:: Work request ::
The output has to be the full set of records, reproduced exactly, minus any picture.

:: Extracted records ::
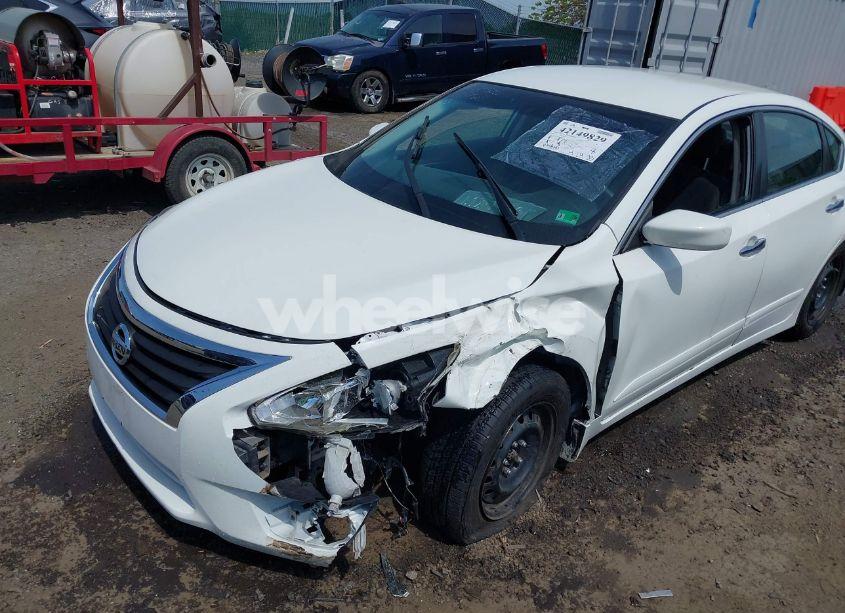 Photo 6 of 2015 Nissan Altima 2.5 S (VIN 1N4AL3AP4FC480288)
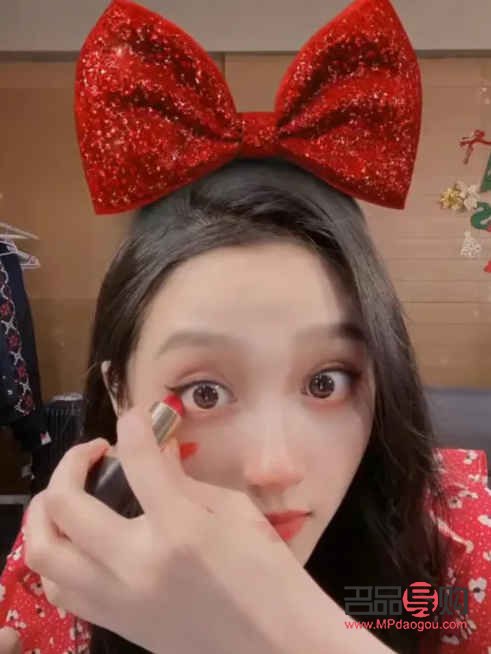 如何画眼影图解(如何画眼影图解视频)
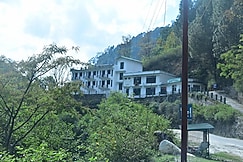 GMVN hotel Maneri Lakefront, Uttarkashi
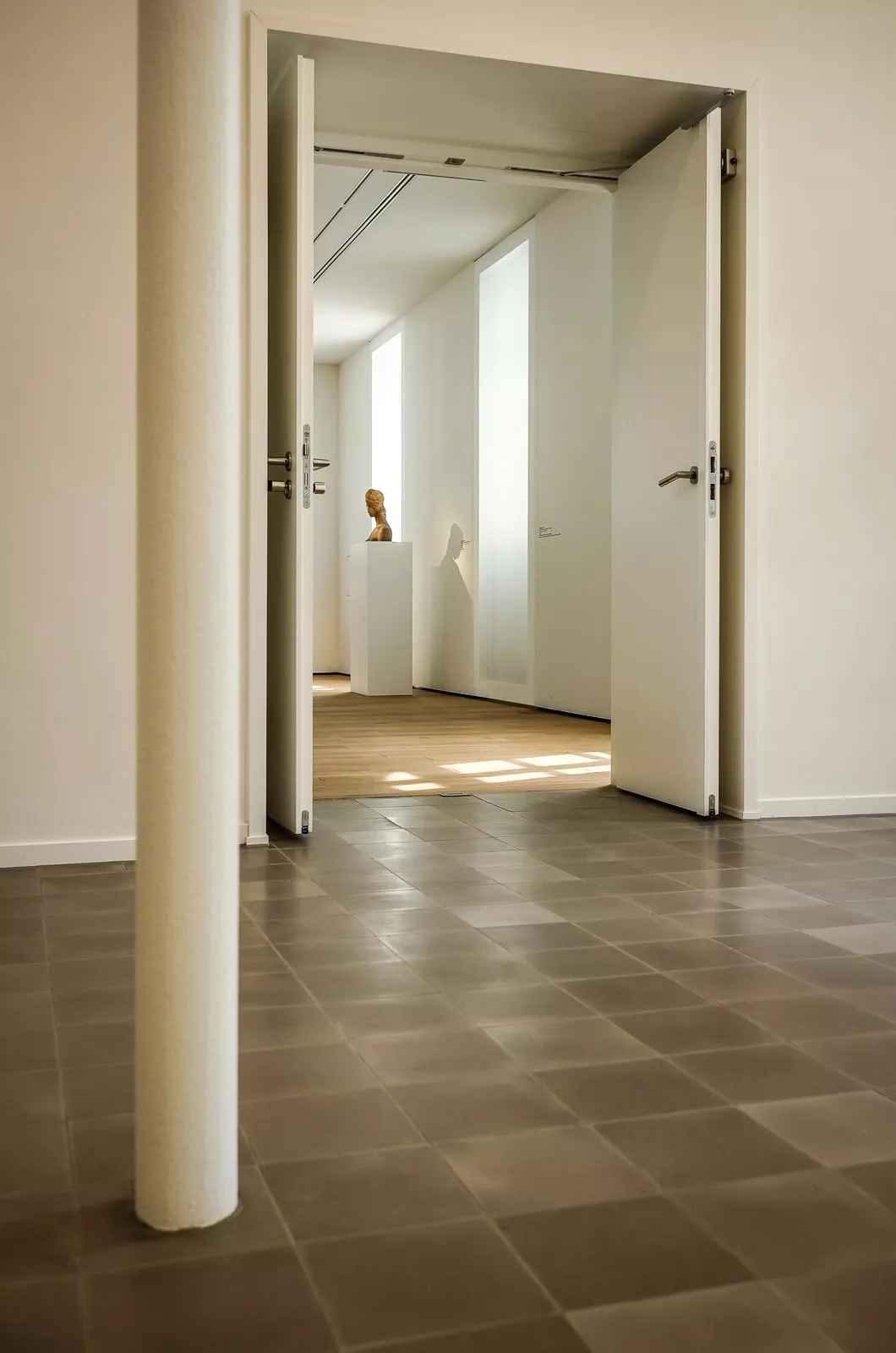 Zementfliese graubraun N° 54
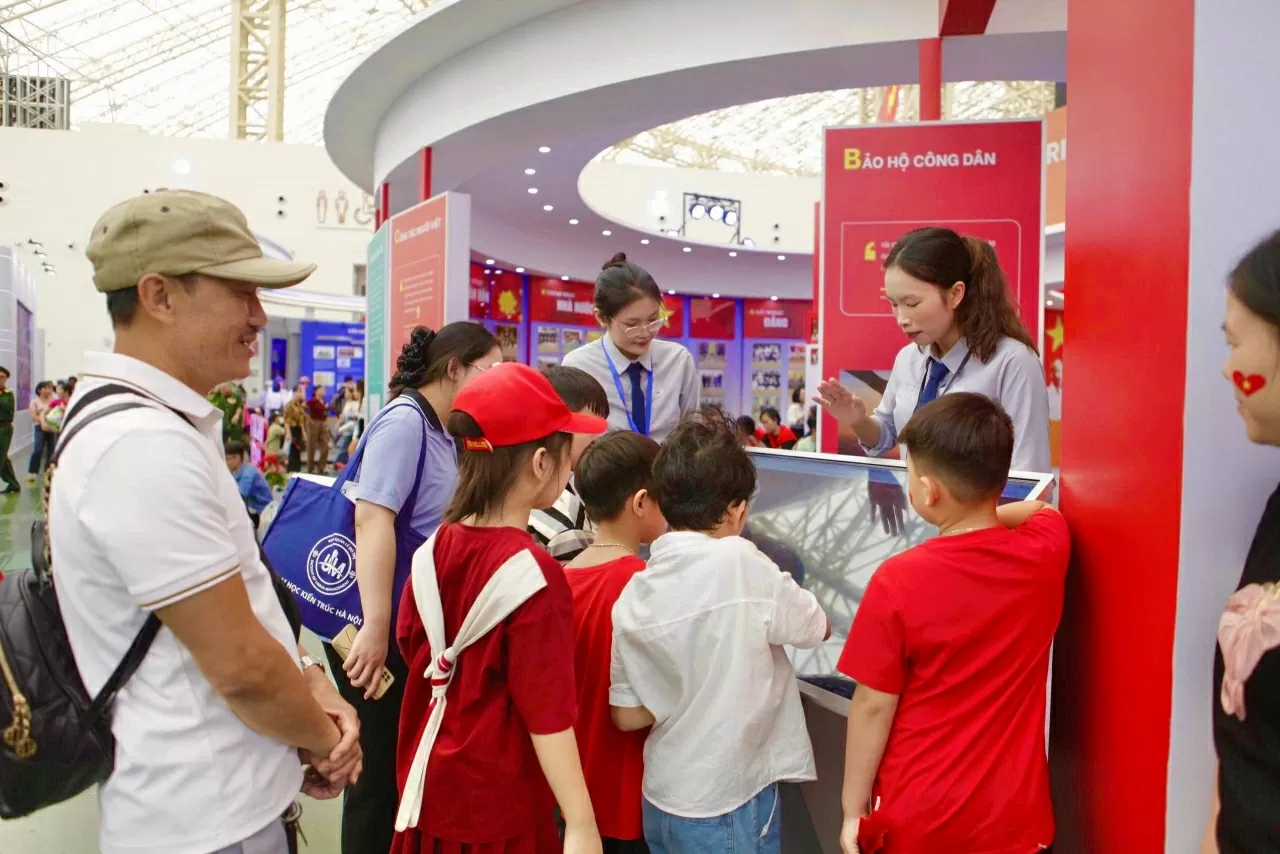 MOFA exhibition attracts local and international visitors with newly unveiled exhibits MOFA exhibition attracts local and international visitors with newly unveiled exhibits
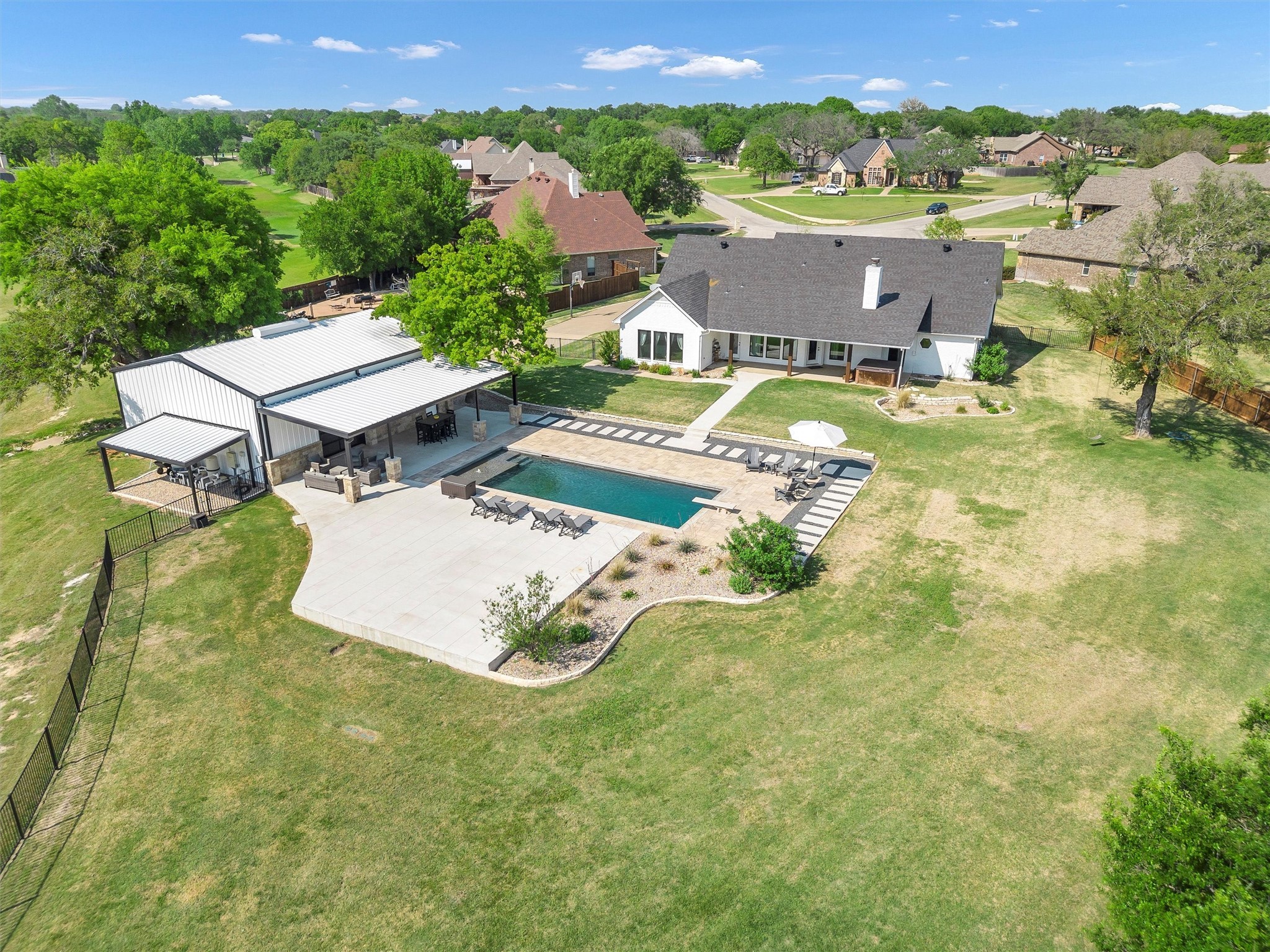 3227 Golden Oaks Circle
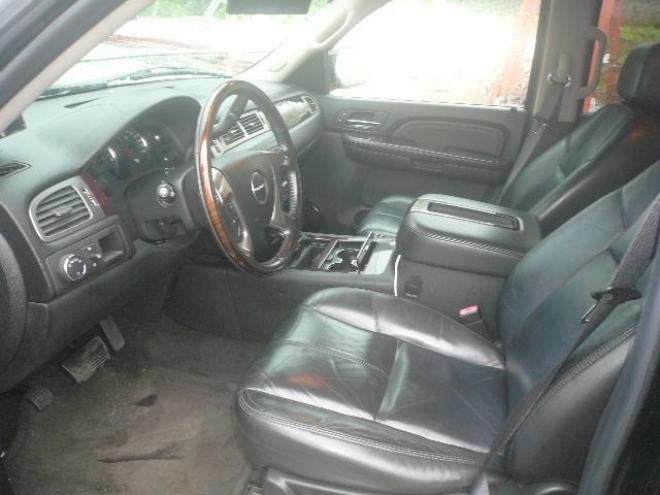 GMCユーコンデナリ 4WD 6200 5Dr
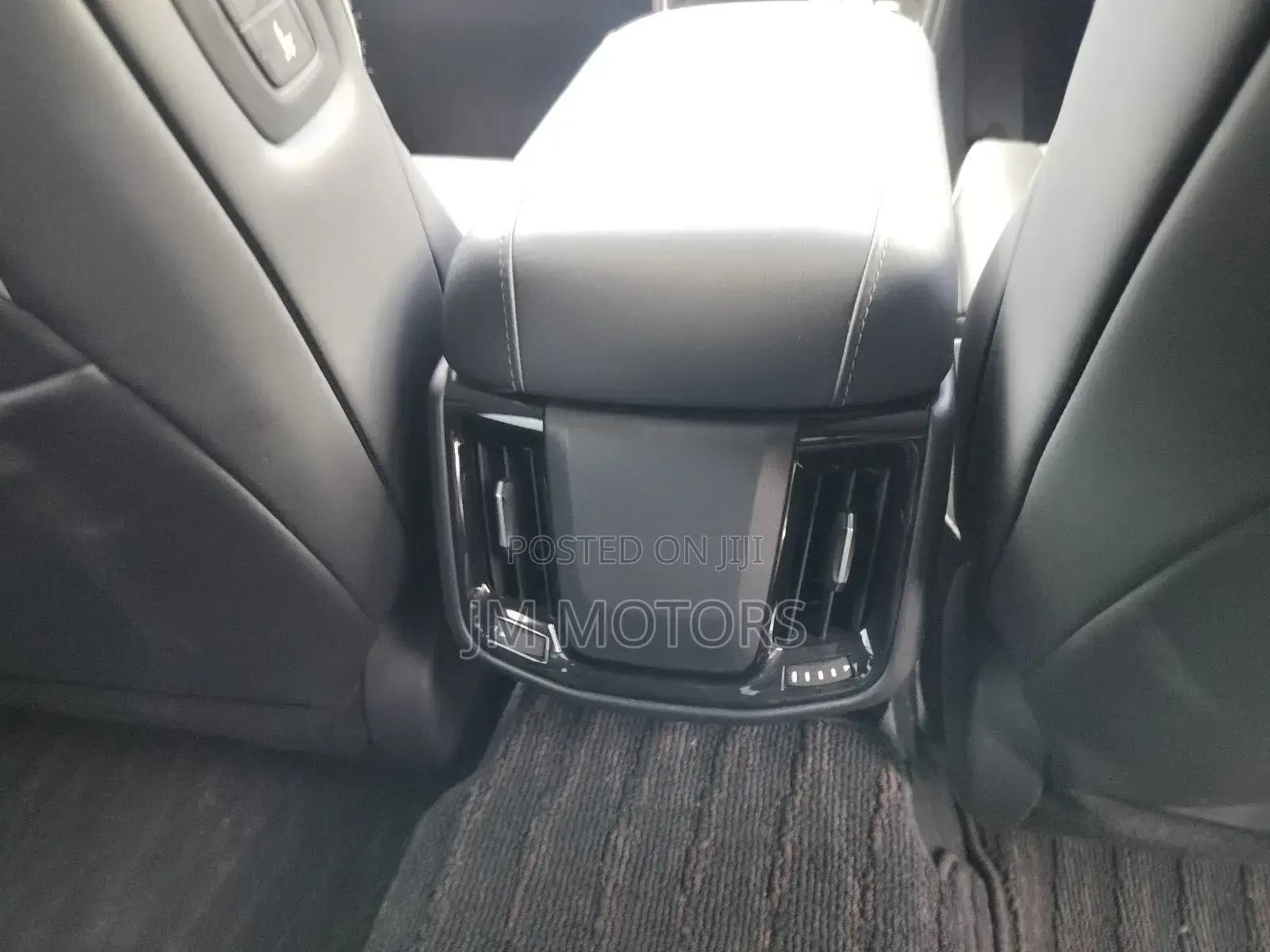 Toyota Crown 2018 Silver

:: Result of the task ::
 Photo 6 of 2015 Nissan Altima 2.5 S (VIN 1N4AL3AP4FC480288)
 如何画眼影图解(如何画眼影图解视频)
 GMVN hotel Maneri Lakefront, Uttarkashi
 Zementfliese graubraun N° 54
 MOFA exhibition attracts local and international visitors with newly unveiled exhibits MOFA exhibition attracts local and international visitors with newly unveiled exhibits
 3227 Golden Oaks Circle
 GMCユーコンデナリ 4WD 6200 5Dr
 Toyota Crown 2018 Silver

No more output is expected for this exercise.